Hana-Bi : "feu d'artifice" en japonais. Spectacle pyrotechnique, fait de pièces lumineuses explosant en plein air. Souvent utilisées pour célébrer des événements importants.
L'amour est un événement important. Ne serait-ce qu'un bref moment à jouer aux cartes, à se promener sur les bords de mer, rire sur des choses simples, tous les feux d'artifice du monde ne sauraient imager ce plaisir simple mais immense qu'est d'aimer et être aimé. Le feu d'artifice n'est que la flamme aux lueurs infinies qui brille de tous les éclats entre 2 êtres sur le déclin. Hana-Bi, c'est la mort, c'est l'amour, c'est la violence qui symbolise le long combat pour profiter de ce qui nous est le plus cher. Hana-Bi, c'est une capsule temporelle dans laquelle on partage les moments d'un couple en proie aux démons du passé, à la cruauté du monde et à l'imminence de la mort, inéluctable, qui guette en permanence les vies de Nishi et de Miyuki qui ne semblent faire qu'une.
Hana-Bi, c'est l'aboutissement absolu de la carrière de Takeshi Kitano, qui ne s'est pas arrêté en si bon chemin mais dont les lueurs crépusculaires sont ici les plus scintillantes.
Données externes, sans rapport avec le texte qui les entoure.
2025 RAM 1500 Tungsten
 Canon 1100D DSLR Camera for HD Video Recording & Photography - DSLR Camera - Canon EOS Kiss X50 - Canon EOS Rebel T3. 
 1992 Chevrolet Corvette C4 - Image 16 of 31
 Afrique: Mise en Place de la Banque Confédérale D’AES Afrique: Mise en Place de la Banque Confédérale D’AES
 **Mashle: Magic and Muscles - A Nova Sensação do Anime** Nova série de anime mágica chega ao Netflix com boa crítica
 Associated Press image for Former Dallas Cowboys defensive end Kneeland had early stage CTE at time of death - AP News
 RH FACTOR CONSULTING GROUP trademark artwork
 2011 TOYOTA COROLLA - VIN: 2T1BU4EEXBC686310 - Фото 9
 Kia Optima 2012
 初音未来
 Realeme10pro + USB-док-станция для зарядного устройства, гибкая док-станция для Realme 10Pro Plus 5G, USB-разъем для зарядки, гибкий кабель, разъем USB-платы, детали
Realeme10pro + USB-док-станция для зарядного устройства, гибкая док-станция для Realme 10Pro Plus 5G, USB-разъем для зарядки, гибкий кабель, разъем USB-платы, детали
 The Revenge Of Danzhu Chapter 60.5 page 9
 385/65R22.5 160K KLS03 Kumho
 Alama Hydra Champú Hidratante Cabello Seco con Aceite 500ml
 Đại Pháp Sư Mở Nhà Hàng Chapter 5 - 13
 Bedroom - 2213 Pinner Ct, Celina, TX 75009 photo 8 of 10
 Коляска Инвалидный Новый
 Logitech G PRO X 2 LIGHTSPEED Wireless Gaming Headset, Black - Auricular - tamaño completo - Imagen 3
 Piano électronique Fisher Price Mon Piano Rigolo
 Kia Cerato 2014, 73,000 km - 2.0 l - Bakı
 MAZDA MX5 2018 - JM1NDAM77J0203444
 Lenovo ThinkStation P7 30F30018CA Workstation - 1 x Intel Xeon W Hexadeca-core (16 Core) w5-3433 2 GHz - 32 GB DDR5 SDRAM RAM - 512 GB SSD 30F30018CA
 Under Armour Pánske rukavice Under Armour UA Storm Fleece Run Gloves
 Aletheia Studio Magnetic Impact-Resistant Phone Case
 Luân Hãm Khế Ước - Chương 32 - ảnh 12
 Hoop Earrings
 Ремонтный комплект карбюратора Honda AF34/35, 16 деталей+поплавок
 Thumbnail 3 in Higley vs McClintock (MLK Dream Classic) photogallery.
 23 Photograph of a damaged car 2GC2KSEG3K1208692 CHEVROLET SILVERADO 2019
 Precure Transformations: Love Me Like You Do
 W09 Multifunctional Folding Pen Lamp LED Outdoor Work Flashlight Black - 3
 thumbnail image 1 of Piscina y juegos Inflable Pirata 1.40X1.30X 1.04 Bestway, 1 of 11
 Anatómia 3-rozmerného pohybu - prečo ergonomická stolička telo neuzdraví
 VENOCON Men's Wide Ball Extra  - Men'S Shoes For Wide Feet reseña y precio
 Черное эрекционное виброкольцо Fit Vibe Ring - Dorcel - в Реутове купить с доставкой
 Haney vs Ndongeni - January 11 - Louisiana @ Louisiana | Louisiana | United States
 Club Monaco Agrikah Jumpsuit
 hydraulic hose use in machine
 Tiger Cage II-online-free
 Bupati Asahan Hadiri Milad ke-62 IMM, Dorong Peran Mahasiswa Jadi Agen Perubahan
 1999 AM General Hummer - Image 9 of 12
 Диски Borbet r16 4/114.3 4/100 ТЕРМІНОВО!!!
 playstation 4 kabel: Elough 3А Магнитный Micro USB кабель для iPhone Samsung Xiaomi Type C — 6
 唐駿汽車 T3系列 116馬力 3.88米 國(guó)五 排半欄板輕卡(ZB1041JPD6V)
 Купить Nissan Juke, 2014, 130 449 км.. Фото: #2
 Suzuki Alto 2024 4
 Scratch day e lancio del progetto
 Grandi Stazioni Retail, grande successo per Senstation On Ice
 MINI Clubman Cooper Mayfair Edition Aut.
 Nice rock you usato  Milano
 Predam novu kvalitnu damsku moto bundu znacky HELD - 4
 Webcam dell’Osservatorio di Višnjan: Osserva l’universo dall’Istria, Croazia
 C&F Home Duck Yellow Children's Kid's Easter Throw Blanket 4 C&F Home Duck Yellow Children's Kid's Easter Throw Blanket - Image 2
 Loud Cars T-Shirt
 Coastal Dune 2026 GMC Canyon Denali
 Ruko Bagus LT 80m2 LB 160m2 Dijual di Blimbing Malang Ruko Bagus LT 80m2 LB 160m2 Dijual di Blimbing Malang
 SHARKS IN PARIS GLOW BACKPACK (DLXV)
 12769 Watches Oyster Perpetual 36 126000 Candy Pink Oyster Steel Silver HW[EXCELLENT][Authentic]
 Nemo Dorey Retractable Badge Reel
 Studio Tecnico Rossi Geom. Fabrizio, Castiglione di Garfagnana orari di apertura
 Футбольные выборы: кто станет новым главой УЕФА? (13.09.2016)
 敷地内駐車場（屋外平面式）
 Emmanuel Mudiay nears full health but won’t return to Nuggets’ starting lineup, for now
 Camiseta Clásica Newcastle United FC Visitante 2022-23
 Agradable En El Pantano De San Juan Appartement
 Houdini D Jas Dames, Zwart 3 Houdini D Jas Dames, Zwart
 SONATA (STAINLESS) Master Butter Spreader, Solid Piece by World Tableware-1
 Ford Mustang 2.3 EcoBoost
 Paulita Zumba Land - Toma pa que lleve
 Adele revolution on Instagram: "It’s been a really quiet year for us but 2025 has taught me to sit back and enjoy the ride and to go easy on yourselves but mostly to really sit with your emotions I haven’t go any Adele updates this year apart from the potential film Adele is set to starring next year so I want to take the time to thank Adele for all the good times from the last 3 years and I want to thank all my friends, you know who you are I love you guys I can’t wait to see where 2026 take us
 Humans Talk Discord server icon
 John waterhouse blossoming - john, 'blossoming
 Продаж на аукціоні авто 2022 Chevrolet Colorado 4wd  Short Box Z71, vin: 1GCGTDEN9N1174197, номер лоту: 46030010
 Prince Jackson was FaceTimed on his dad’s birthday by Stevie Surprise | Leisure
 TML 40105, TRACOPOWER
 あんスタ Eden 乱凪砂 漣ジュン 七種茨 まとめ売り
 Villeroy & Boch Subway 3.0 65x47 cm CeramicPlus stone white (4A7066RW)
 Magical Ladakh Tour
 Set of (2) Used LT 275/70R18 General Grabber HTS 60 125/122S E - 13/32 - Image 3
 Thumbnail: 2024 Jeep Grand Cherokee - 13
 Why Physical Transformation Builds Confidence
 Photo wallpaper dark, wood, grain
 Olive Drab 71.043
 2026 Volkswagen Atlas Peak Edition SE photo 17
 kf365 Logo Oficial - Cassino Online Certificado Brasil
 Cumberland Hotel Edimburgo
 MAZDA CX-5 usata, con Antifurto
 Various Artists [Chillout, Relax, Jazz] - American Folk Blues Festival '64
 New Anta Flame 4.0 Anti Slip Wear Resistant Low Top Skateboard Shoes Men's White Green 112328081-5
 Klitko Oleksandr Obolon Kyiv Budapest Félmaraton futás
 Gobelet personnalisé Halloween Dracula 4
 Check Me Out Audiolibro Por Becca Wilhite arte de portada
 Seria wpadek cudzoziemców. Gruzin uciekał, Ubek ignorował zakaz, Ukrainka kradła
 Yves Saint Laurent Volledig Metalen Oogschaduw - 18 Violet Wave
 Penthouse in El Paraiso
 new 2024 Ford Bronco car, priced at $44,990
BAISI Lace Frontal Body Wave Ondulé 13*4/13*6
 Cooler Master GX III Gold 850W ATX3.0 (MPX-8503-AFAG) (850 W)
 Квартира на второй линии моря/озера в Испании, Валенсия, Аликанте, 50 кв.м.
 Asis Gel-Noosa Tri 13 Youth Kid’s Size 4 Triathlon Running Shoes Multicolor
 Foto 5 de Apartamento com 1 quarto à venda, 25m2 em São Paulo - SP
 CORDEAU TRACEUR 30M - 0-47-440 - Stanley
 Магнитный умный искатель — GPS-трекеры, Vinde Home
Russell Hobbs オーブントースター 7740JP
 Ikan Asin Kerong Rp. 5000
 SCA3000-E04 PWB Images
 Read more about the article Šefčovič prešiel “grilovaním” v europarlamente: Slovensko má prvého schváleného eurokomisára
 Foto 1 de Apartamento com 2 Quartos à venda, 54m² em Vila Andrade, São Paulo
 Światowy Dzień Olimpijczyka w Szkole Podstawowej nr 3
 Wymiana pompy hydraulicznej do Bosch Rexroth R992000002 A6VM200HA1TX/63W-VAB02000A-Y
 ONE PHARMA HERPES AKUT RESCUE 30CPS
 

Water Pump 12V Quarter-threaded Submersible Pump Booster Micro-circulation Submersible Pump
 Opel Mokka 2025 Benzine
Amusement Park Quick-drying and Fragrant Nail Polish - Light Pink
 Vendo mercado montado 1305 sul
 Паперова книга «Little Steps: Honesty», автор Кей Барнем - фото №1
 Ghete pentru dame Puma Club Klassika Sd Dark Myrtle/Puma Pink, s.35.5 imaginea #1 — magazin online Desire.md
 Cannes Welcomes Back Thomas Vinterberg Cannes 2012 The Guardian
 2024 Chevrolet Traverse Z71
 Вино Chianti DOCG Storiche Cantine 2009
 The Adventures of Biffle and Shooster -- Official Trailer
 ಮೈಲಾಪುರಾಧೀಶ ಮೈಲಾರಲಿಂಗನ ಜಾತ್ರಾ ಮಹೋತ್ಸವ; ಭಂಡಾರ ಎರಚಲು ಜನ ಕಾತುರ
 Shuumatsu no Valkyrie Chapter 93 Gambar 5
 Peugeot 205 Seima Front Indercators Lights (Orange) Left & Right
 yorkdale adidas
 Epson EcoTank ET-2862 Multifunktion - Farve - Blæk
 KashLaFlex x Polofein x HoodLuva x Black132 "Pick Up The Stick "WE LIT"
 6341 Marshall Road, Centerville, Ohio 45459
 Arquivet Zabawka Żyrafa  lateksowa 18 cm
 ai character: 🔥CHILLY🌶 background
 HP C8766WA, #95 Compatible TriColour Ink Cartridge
C'est une réitération des thématiques chères au cinéaste : de nouveau les yakuzas sont prétextes à aborder l'ambiguité de notre humanité comme dans Sonatine, et surtout la mort, ici plus présente que jamais dans l'œuvre du maître nippon fasciné par cette dernière et qui y aura porté un regard différent au travers de sa filmographie. Dans Hana-Bi, plutôt que d'essayer de fuir toute confrontation avec elle, il l'accepte et l'embrasse avec lucidité, telle en est sa fatalité.
Si on peut lui reconnaître les qualités habituelles au cinéma de Kitano, Hana-Bi a une magie en plus qui l'élève au-dessus des autres créations du cinéaste. Il se dégage un mutisme dans la romance qui se passe de mots pour amorcer des enjeux émotionnels incroyablement puissants, mais aussi dans une beauté formaliste à couper le souffle. Je prends en témoin le personnage d'Horibe, devenu paraplégique et en recherche d'un sens nouveau à sa vie à travers la peinture dont il y trouvera le déclic dans une scène bouleversante chez une fleuriste où son seul regard communique une émotion qu'on en pleurerait que pour ça : Kitano capte des expressions infîmes et si immenses dans le visage de ses personnages à travers un rythme lent qui sublime chaque plan du film.
Je pense qu'il s'agit de la meilleure utilisation de la lenteur que j'ai pu voir dans un film. L'ambiance sèche et froide se fait ressentir par de longues scènes sans dialogues ni musique et quand ces deux choses se manifestent elles ne sont que trop puissantes pour les encaisser et en revenir indemne tant le film remue dans tous les sens. Quelque part entre la grande violence, la sobriété, la poésie et l'amusement, nos sens et nos émotions sont constamment invoqués par la puissance du récit, à travers un échange de regard qui en dit long, de la violence graphique qui reste en tête ou un pur instant de poésie portée par la musique absolument magnifique de Joe Hisaishi, le mélange des tons tient à une quantité infîme de choses et arrive à toucher juste, en plein cœur. Un véritable jeu d'équilibriste pour une magie envoûtante de bout en bout. L'expérience a beau être assez courte, sa portée se fait ressentir des jours durants.
Hana-Bi fait parti de ces œuvres tellement uniques, tellement riches et tellement abouties qu'il est compliqué d'y placer des mots. Personnellement j'ai mis une bonne demi-heure avant de prononcer le moindre mot après un tel choc. J'ai déjà été touché par la grâce face à des films de Takeshi Kitano, il tient là une toile de maître. Un chef-d'œuvre au sens littéral, esthétique et poétique, crépusculaire et d'une tristesse infinie, Hana-Bi est une pépite comme il n'y en a pas deux pareilles. Une claque monumentale que l'on ne voit pas venir dont l'émotion n'a de cesse de nous suivre pendant et après. Un immense film.